**TASK DIRECTIONS:**
I would like every record reproduced exactly, with the pictures left out.
※ ※ ※
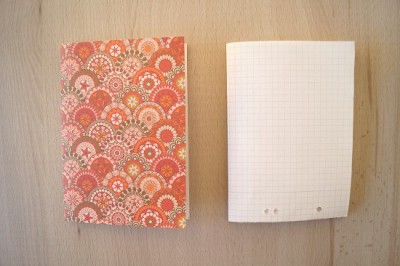 Buntes Notizbuch mit dekorativem Muster und ein leeres Notizbuch mit Karomuster, ideal für kreative Bastelprojekte und Notizen.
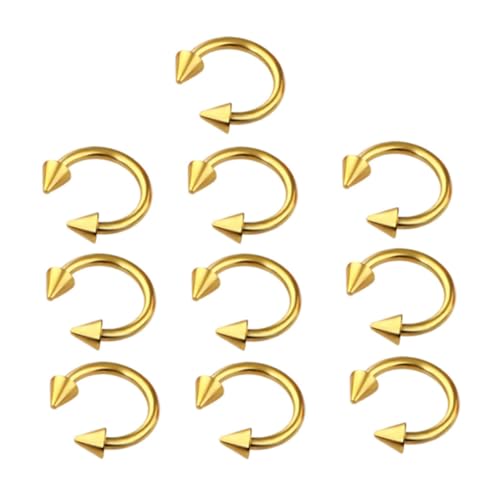 Healvian 10 Stück Teiliges C Förmige Nasen und Ohrpiercing Stecker aus Langlebig Beschichtet Vielseitig Tragbar für Damen und Herren Modischer Körperschmuck für Party und Alltag von Healvian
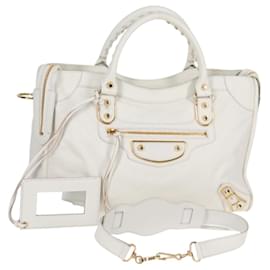 Balenciaga-BALENCIAGA City Hand Bag Leather 2way White Gold 390154 Auth mr1278A-White,Golden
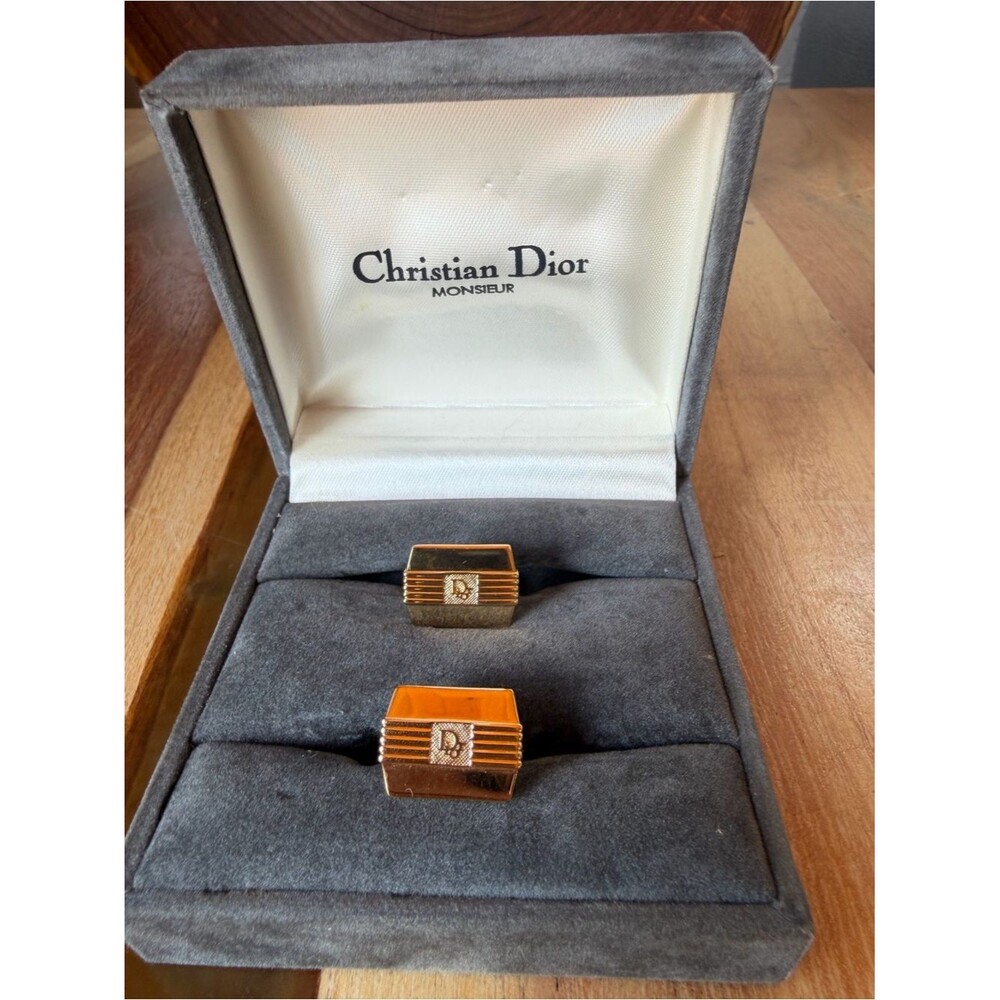 Vintage Christian Dior monsieur Gold Rectangular Cufflinks with Dior Monogram.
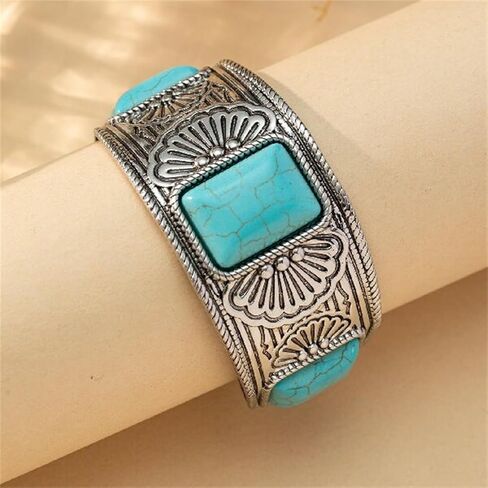 WCRAZYE Turquoise Cuff Bracelet for Men Women Handmade Boho Antique South Western Country Cowgirl Bangle Bracelets Bohemian Stackable Handmade Gemstone Bangle Christmas Birthday Gift in Saudi Arabia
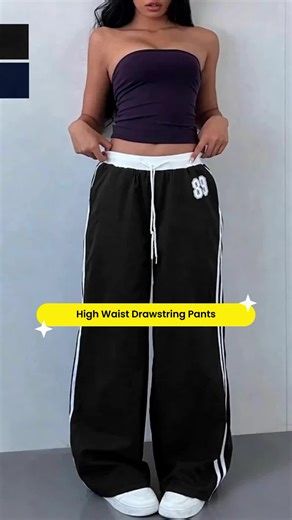 High Waist Drawstring Striped Patchwork Straight Leg Pants, Casual Sporty Women's Trousers, Daily Wear, Trendy Street Style #highwaisttummycontrolpantiesforwomen #sweatsuitset #womenssweatshirtset #tracksuits #flaredleggings #highwaistedleggings #sportyjumpsuit #highwaistedtummycontrolshapewear #highwaistedswimsuit #aeropostalepants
※ ※ ※
**ANSWER TO THIS EXERCISE:**
 Buntes Notizbuch mit dekorativem Muster und ein leeres Notizbuch mit Karomuster, ideal für kreative Bastelprojekte und Notizen.
 Healvian 10 Stück Teiliges C Förmige Nasen und Ohrpiercing Stecker aus Langlebig Beschichtet Vielseitig Tragbar für Damen und Herren Modischer Körperschmuck für Party und Alltag von Healvian
 Balenciaga-BALENCIAGA City Hand Bag Leather 2way White Gold 390154 Auth mr1278A-White,Golden
 Vintage Christian Dior monsieur Gold Rectangular Cufflinks with Dior Monogram.
 WCRAZYE Turquoise Cuff Bracelet for Men Women Handmade Boho Antique South Western Country Cowgirl Bangle Bracelets Bohemian Stackable Handmade Gemstone Bangle Christmas Birthday Gift in Saudi Arabia
 High Waist Drawstring Striped Patchwork Straight Leg Pants, Casual Sporty Women's Trousers, Daily Wear, Trendy Street Style #highwaisttummycontrolpantiesforwomen #sweatsuitset #womenssweatshirtset #tracksuits #flaredleggings #highwaistedleggings #sportyjumpsuit #highwaistedtummycontrolshapewear #highwaistedswimsuit #aeropostalepants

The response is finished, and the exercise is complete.